Yes there is plenty of life outside of DA,  good coaching, training, teams playing to be found elsewhere.

I always recommend my kids take a year by year  look and decided for themselves if they want to continue or change course.  I always want them to make their own choices and commitments and just will give advice when asked or not.

All academy teams are advised to train 4 days a week or min 6 hours on 3 days (3 x 2) but some do cardio or other training on the 4th day or not at all for the youngest AG.


----------



## GKDad65 (Feb 21, 2017)

Practices and commitment were great, coaching was good, too.  However, play time was minimal and for a GK that results in the loss of "game sense."
DA games were not any better than equivalent/top Flight I, or Premier, games.  Aside from a couple of strong DA clubs it just wasn't all that impressive.
Also. couldn't play High School.

Left the DA played HS as a starter, joined a flight I team at a year "up" as a starter and had a 10-0 season.
DA doesn't impress me, just another league.

IMHO


----------



## galaxydad (Feb 22, 2017)

Most of the DA league is really another league with high cost (minus a couple clubs) lots of training and much less game time.

Its good for some and not so good for others.


----------



## espola (Feb 22, 2017)

When DA was announced by USSF 10 or so years ago, it claimed to be a nursery to develop the next generation of National Team and professional players.  However, they didn't plant an orchard - they harvested the already-ripe fruit.

No one asked for my advice, but if they had --

Recognize that long-term player development is a pyramid, wide at the bottom, narrow at the top.

Start with 10-year-olds who can meet a simple skills test - ball control, fitness, game tactics, etc.

Allow tryouts for older players who were missed in the inital trials and who have developed outside the system

Fund it so that it is free to the players or at least no more costly than a mid-level club.  How much money could USSF raise by a small "tax" on every player registration ($2?) and tournament approval ($100?)?  Get sponsors for shoes, uniforms and field equipment.

Structure an age-appropriate training program.  10-year-olds don't need 4 days a week, but should be encouraged to pursue additional training on their own, perhaps with neighborhood clubs, Sunday League teams, indoor/futsal teams, or in small-group private lessons set up and subsidized by the Academy.

Don't make enemies with existing programs like ODP, high school, and colleges.  Learn what they are doing right and let them continue doing it.


----------



## 3leches (Feb 22, 2017)

That has been the conversation among parents we know as well.  If you kid plays and enjoys multiple sports then DA system is not for your child.

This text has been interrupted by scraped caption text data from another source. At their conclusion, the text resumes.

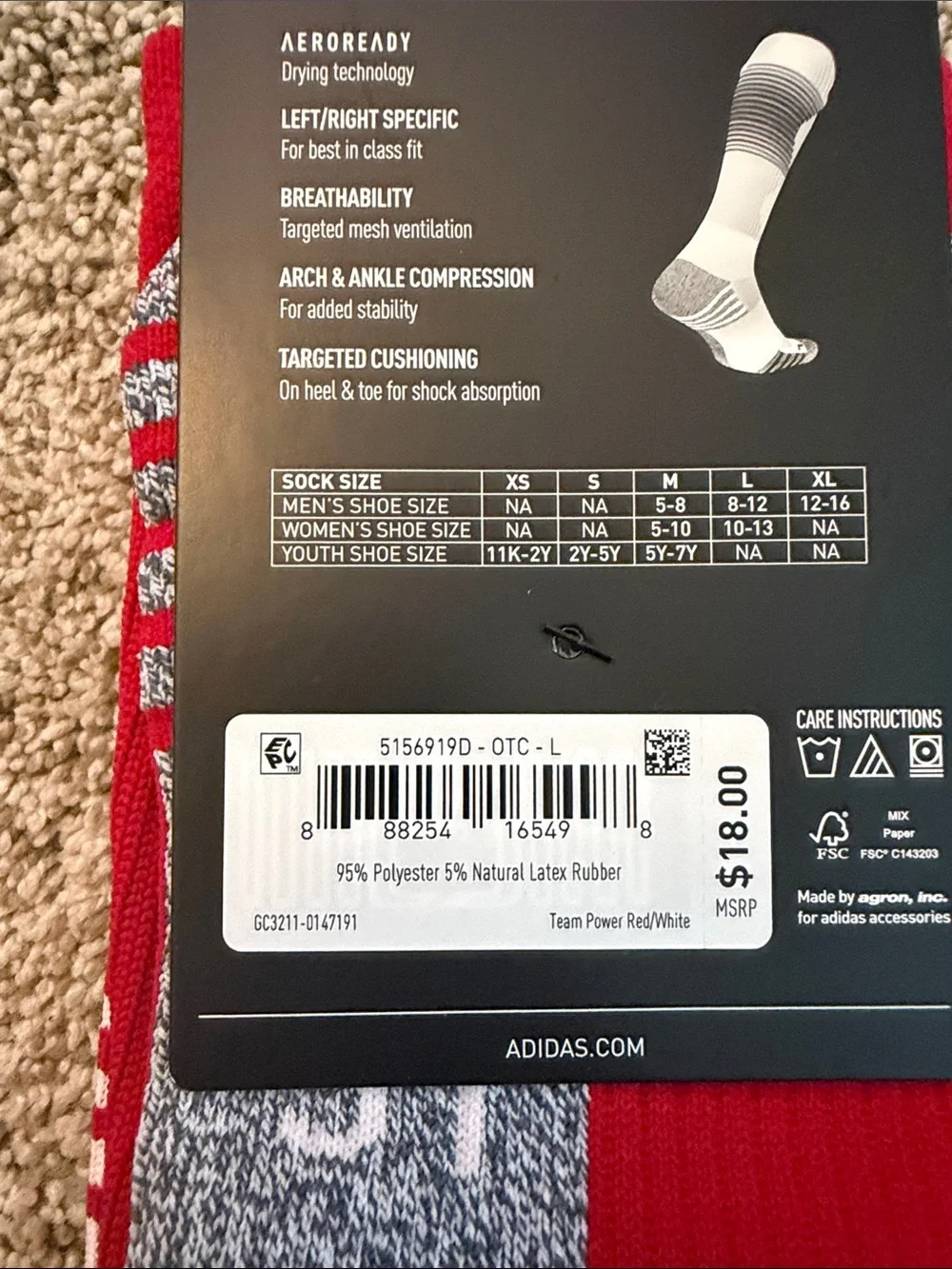 Adidas Over the Calf Red Soccer Socks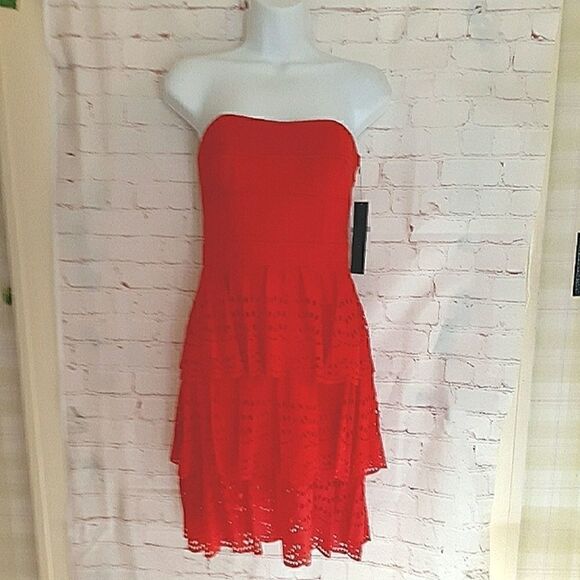 Brand NWT Cynthia Steffe Lipstick Red Strapless Bustier Top Dress 0/XS MSRP $345 - Picture 1 of 6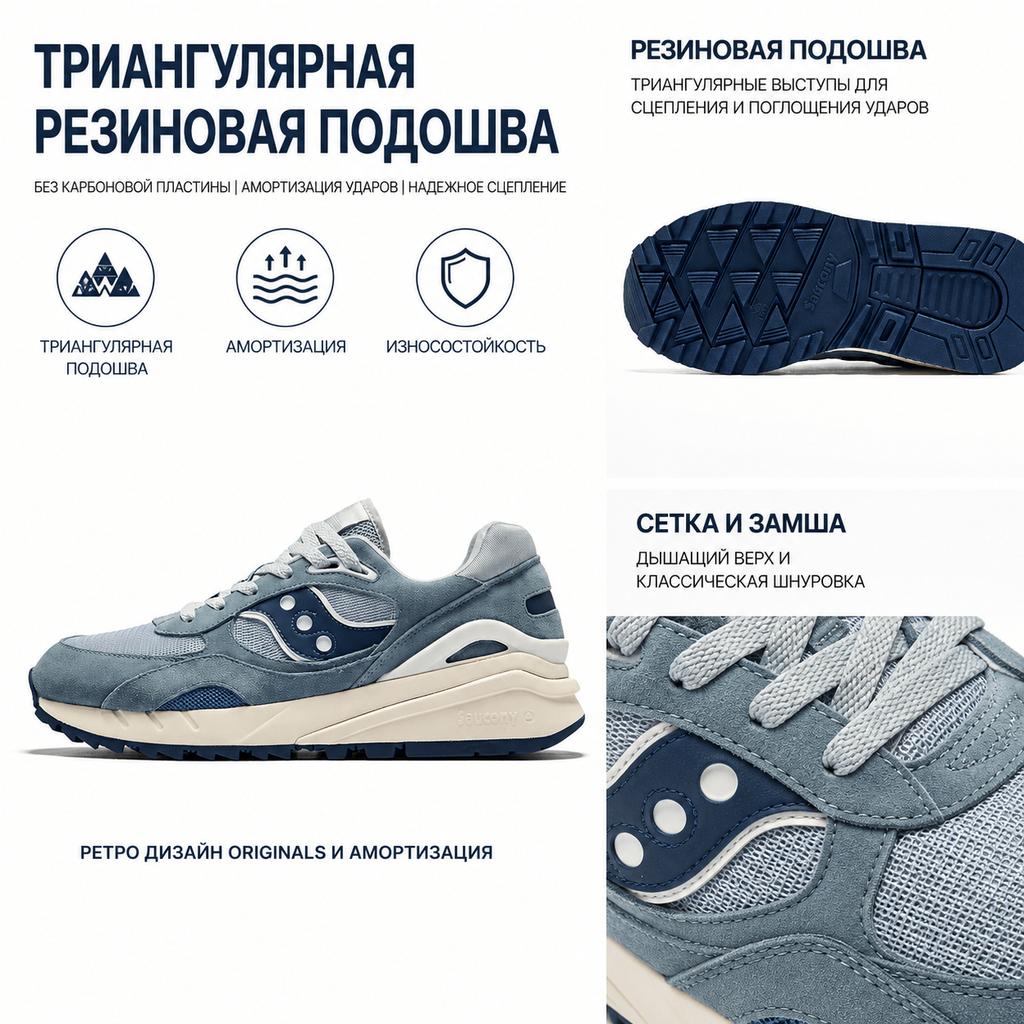 SAUCONY Shadow 6000 Re Lässige Retro Laufschuhe Unisex Sneaker Blau Grau S79050-6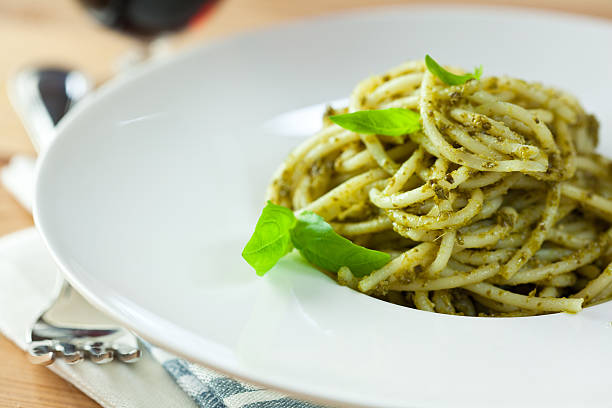 istock Spaghetti with pesto and fresh basil 151520698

It is a huge commitment for a child and parent, extremely competitive environment for the kids and parents.
There are parents who are currently restless and complain about the schedule. It is a lot of training and games, very little tournaments, in addition, your child should be taking privates outside of practice if you want he/she to be competitive. 
It is a lot to think about ; school, practice, privates, games wash rinse repeat.


----------